For the 2011 season, Steen became a starter on the offensive line at the guard position. He played in all 13 games, but only started in 9 after he suffered concussion against Ole Miss. For his redshirt junior season in 2012, Steen started all 14 games at the right guard position and was named the team's offensive player of the week for his performance against Western Carolina. At the conclusion of the season, Steen was the only member of the offensive line that did not record a penalty or allow a quarterback sack for the season. After the completion of the 2012 season, Steen announced he would return for his senior season. At the time of his announcement Steen cited both to improve his draft stock as well as a desire to compete for one final season at Alabama as his reasons for remaining with the Crimson Tide. For the 2014 NFL draft, Steen is ranked as one of the top offensive guards in his class. For his final season at Alabama, Steen and Cyrus Kouandjio were the only returning starters on the offensive line and both were also named to various award watchlists for the 2013 season.

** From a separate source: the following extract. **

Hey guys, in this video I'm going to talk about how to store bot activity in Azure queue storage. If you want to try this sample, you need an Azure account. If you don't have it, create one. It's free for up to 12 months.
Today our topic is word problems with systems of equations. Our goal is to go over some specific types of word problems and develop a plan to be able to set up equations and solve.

As the only senior on the offensive line for the 2013 season, Steen was the leader of the line. For his performance against Kentucky, Steen was recognized as SEC Offensive Linemen of the Week.

Steen was a second-team All-Southeastern Conference (SEC) selection.

==Professional career==

Pre-draft measurables
| Height | Weight | Arm length | Hand span |
| 6 ft 3 in (1.91 m) | 314 lb (142 kg) | 30+1⁄2 in (0.77 m) | 9+1⁄8 in (0.23 m) |
All values from NFL Combine

===Arizona Cardinals===
After going undrafted in the 2014 NFL draft, Steen signed with the Arizona Cardinals as an undrafted free agent on May 12, 2014. The Cardinals released Steen on August 30, 2014, but he was re-signed to their practice squad the next day.

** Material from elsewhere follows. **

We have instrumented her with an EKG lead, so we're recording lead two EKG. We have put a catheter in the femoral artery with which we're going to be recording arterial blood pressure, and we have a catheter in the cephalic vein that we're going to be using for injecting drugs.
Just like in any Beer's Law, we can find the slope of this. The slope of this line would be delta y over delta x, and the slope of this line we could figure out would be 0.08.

On September 5, 2015, he was released by the Cardinals. On September 10, 2015, Steen was brought back to the team and was placed on the practice squad. On September 22, 2015, he was released by the Cardinals.

===Miami Dolphins===
On November 24, 2015, Steen was signed to the Dolphins' practice squad.

Steen made the Dolphins' final roster in 2016, starting seven games at center in place of injured Pro Bowl starter Mike Pouncey.

In 2017, Steen was named the starting left guard to start the season. He started the first six games before being placed on injured reserve on October 31, 2017, with a foot injury.